In the data below, one line contains "Photo2: O0624X Vintage" and a later one contains "GROVENOR HOUSE CONDO - Residential". Print both, with every line between them, exactly and alone.

* Task data
- Opening Delimiter -

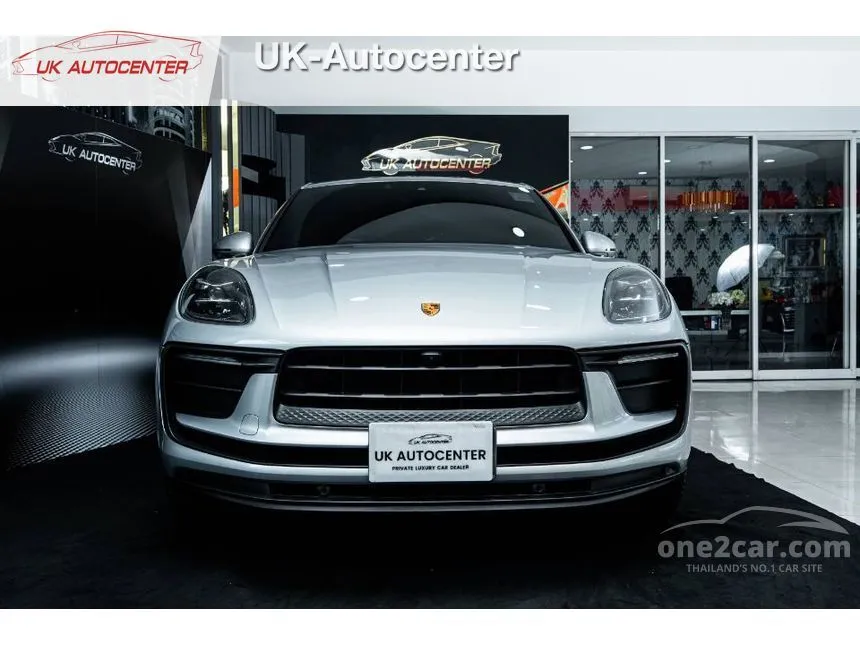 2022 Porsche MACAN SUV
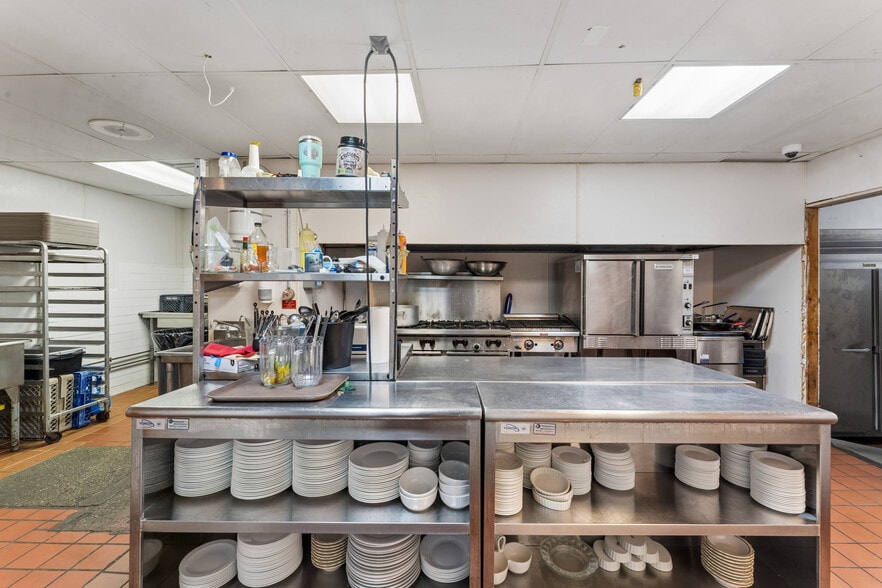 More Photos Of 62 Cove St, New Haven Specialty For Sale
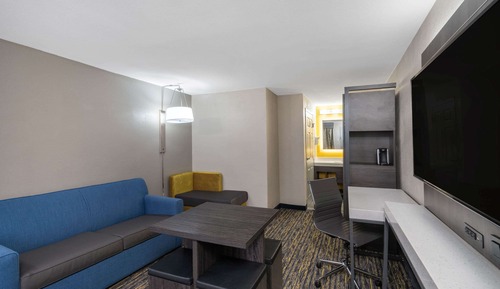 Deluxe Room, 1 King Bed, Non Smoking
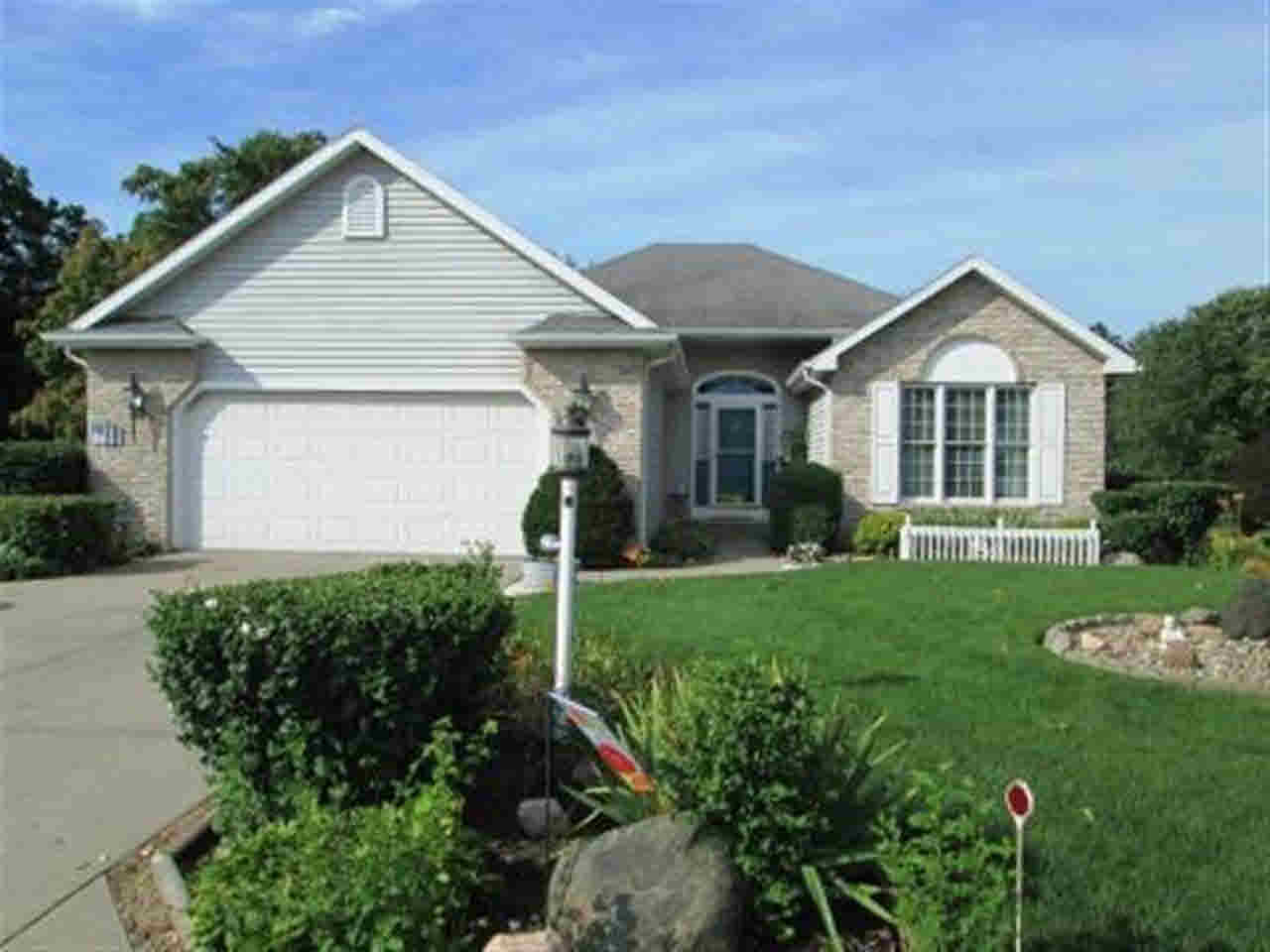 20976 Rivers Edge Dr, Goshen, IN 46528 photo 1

- Closing Delimiter -
- Opening Delimiter -

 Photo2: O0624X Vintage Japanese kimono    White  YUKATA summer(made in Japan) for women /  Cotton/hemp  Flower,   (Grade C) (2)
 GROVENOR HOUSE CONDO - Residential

- Closing Delimiter -

* Answer below
 Photo2: O0624X Vintage Japanese kimono    White  YUKATA summer(made in Japan) for women /  Cotton/hemp  Flower,   (Grade C) (2)
 GROVENOR HOUSE CONDO - Residential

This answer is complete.